Un représentant du Limbourg, M. Jaminé,
produisit une impression profonde, en traçant, avec autant de sensibilité que
d'éloquence, un tableau du sort que l'acceptation du protocole réservait aux
populations du Limbourg et du Luxembourg cédées à la Hollande. Mais ici
encore l'inexorable raison d'État rendait toute parole inefficace! L'Europe
avait prononcé. Que pouvaient désormais les sentiments, les regrets et les
larmes des Belges?
A l'exemple du ministre des Affaires
étrangères, tous les partisans du traité avouaient l'iniquité des conditions
imposées à la Belgique;
autant que leurs adversaires, ils déploraient la mutilation du territoire et
l'abandon de leurs frères. S'ils proposaient l'acceptation des vingt-quatre
articles, c'était uniquement pour éviter les humiliations, les périls et les
pertes que le rejet des propositions de la Conférence devait
amener. M. Nothomb eut le courage d'affirmer que la résistance (page 212) des Belges ne laisserait à l'Europe
qu'un seul parti à prendre: le partage de nos provinces entre la France, la Prusse et la Hollande. « En
dehors de l'existence qui est offerte à la Belgique, disait M. Nothomb, il n'y a pour
l'Europe qu'un parti à prendre. La réunion intégrale à la France ébranlerait
l’équilibre européen. Pour y parvenir, Louis-Philippe devrait renouveler la
lutte gigantesque que la
Convention et Bonaparte ont soutenue pendant vingt ans. La
révolution de Juillet, isolée de l'Angleterre devrait se présenter seule, comme
colle de 1790, devant l'Europe conjurée.... La restauration intégrale (et
j'entends par là le retour identique à l'état qui a précédé la révolution) me
parait également impossible. L'union de la Belgique et de la Hollande renfermait un
vice qui est bien connu aujourd'hui: une éclatante catastrophe en a révélé
l'existence aux plus incrédules... Le royaume des Pays-Bas n'avait pas de
garanties internes d'existence; il n'avait que des garanties externes. On avait
uni quatre millions d'hommes à deux millions. On avait dit aux deux millions:
"C'est à vous de commander aux quatre millions"; et à ceux-ci:
"C'est à vous de servir". Par un renversement de toutes les idées, la
minorité devait faire la loi... Cet état de choses n'était pas durable... Le
royaume des Pays-Bas restauré renfermerait le principe de tiraillement, le
germe de dissolution qui déjà une fois en a amené la chute. - La restauration
intégrale et la réunion intégrale étant impossibles, il y aura, à défaut de
l'indépendance et en désespoir de cause, un seul parti à prendre: ce sera celui
d'une restauration partielle et d'une réunion partielle, le partage en un mot.
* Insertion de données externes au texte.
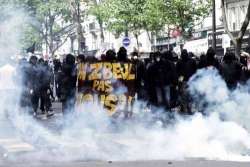 Altro che festa: il 1 maggio a Parigi e Istanbul, tra black bloc e proteste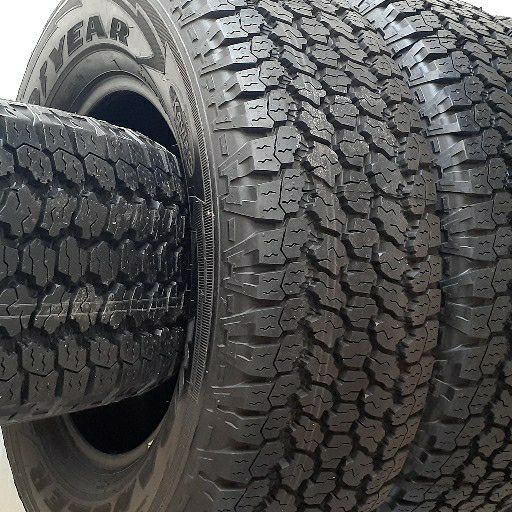 Goodyear wrangler kevlar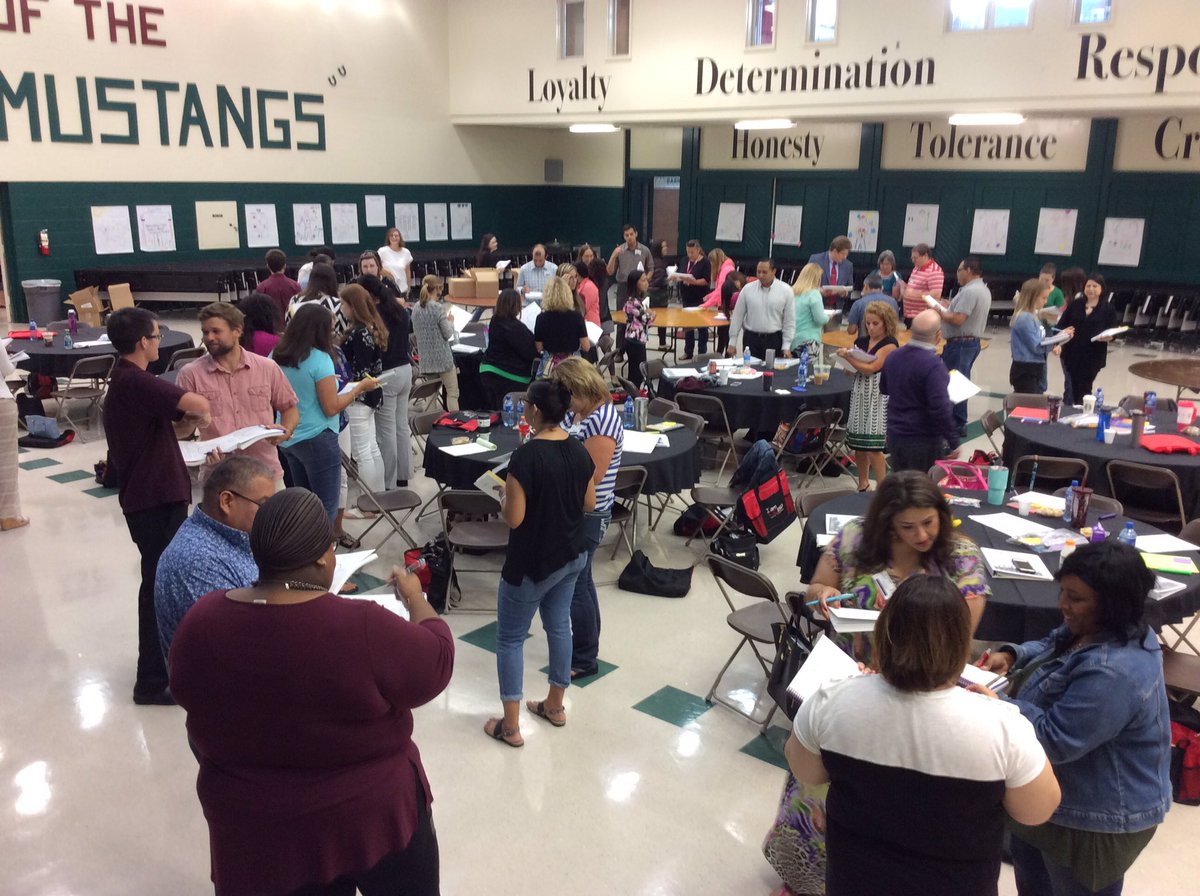 gawhicks's tweet photo. Day 2 of First Year Teacher Acad. in Corpus.  New sec. + a few elem. folks r rocking it.  @heart_teaching https://t.co/gEWsyFc0TA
Le partage serait alors, et.il faut qu'on le sache en ce jour, la seule
combinaison rationnelle: deux millions et non quatre seraient de nouveau réunis
à la Hollande,
qui les gouvernerait, les exploiterait paisiblement, comme les anciens pays de
généralité. » Le reste serait donné en partie à la France, en partie à la Prusse... La France,
forcée d'opter entre la guerre ou le partage, entre une grande faute ou un
grand crime, consentira à être criminelle » (Moniteur du 28 Octobre 1831).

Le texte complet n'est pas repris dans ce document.